■ RECORDS FOR THE EXERCISE ■
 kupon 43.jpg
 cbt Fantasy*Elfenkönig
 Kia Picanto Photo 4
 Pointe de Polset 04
---
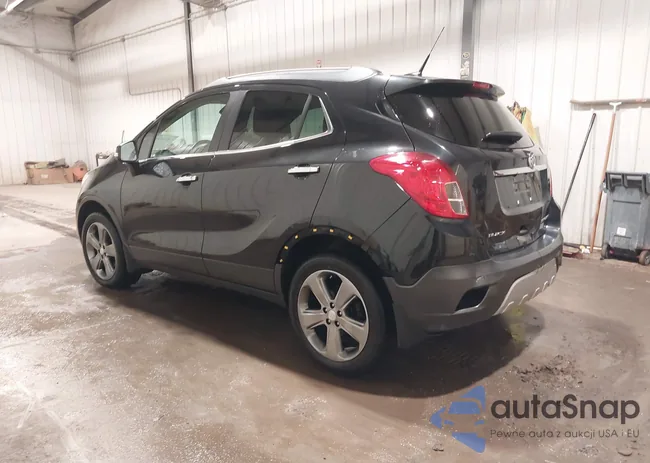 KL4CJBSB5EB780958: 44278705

■ THE PROBLEM ■
Copy exactly the stretch of data above from the line with "kupon 43.jpg" through the line with "Pointe de Polset 04", and omit all other lines.

■ RESPONSE FOR THIS EXERCISE ■
 kupon 43.jpg
 cbt Fantasy*Elfenkönig
 Kia Picanto Photo 4
 Pointe de Polset 04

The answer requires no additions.